WORK REQUIRED »
Reproduce the material that follows exactly, with no line left out.

GIVEN DATA »
————
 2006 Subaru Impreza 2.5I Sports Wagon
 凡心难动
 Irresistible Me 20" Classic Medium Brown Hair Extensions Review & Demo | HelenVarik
————
WRITTEN ANSWER »
 2006 Subaru Impreza 2.5I Sports Wagon
 凡心难动
 Irresistible Me 20" Classic Medium Brown Hair Extensions Review & Demo | HelenVarik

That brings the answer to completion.